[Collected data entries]
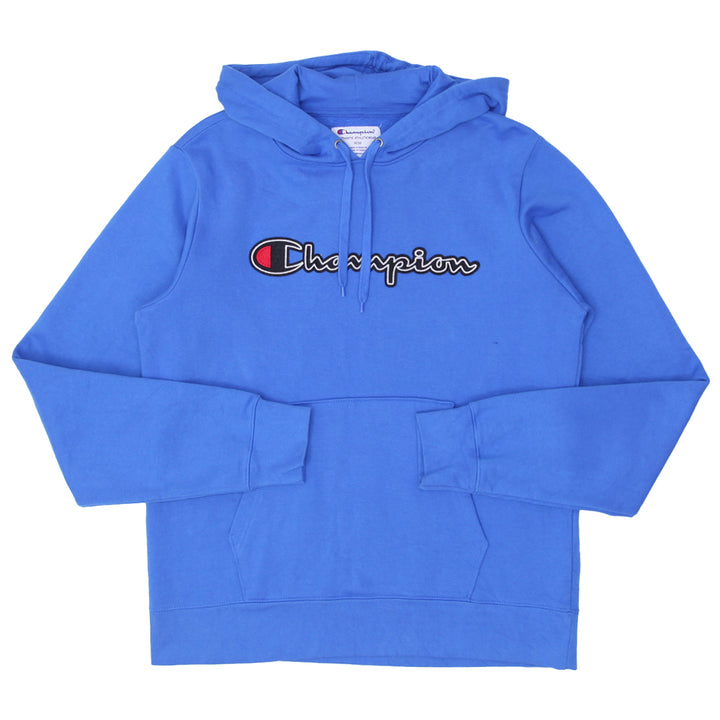 Mens Champion Spell Out Pullover Hoodie Blue - Fashion Rerun Vintage Migration_Sweaters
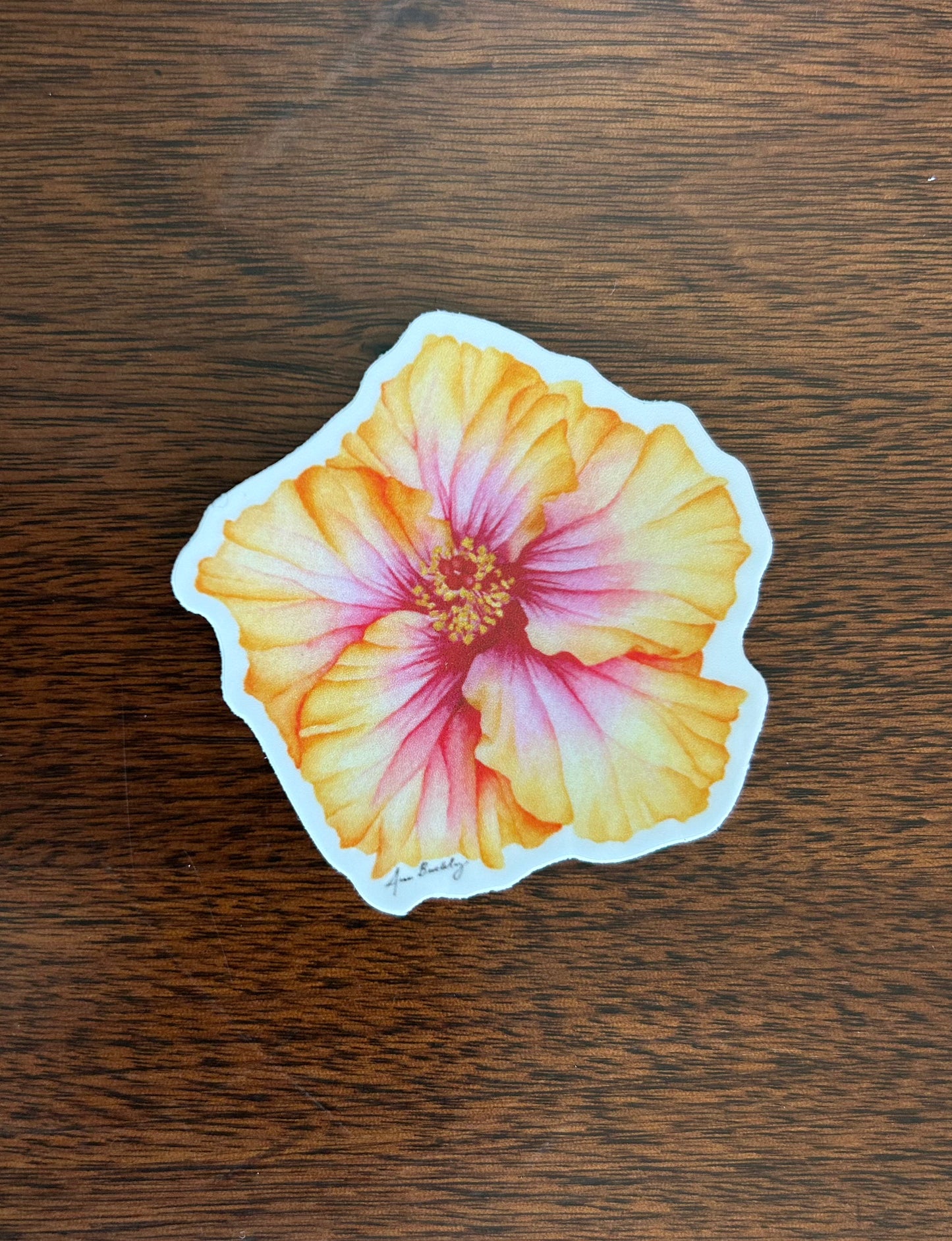 Hollywood Sunset Hibiscus Vinyl Sticker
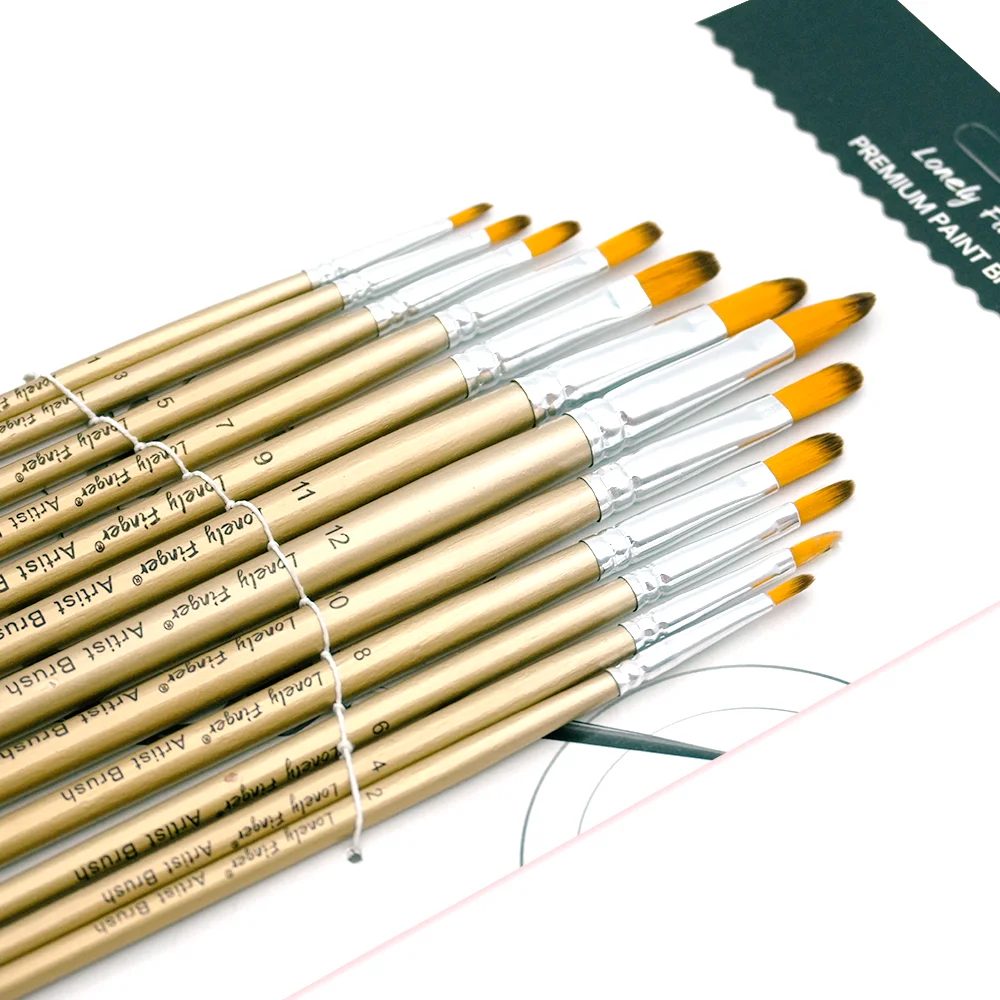 12pcs Filbert Tip Nylon Hair Artist Paintbrushes for Acrylic Watercolor Oil Ink Canvas Painting, Face Body Nail Art, Model, Rock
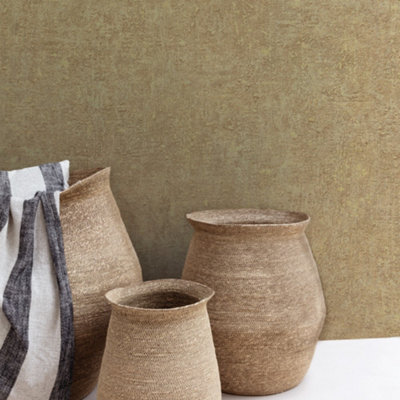 Grandeco Boutique Norite Deep Natural Texture Embossed Wallpaper, Gold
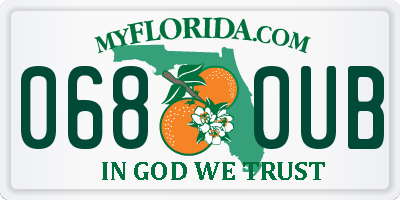 FL license plate 0680UB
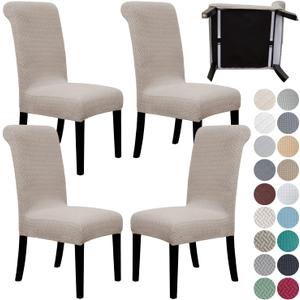 SPRINGRICO 4 Pack Dining Room Chair Covers with seat Belt, Stretch Parsons Chair Slipcover Washable Kitchen Dining Chair Cover Removable Seat Protector Set of 4, S3- Taupe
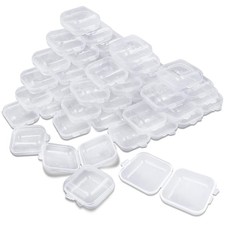 50 Packs Small Clear Plastic Storage Containers Mixed Empty Mini Case with Lids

Exercise => Begin with the line containing "Grandeco Boutique Norite" and end with the last line of the entries above. Copy those lines exactly, both ends included, and drop every picture.

Solution for this problem =>
 Grandeco Boutique Norite Deep Natural Texture Embossed Wallpaper, Gold
 FL license plate 0680UB
 SPRINGRICO 4 Pack Dining Room Chair Covers with seat Belt, Stretch Parsons Chair Slipcover Washable Kitchen Dining Chair Cover Removable Seat Protector Set of 4, S3- Taupe
 50 Packs Small Clear Plastic Storage Containers Mixed Empty Mini Case with Lids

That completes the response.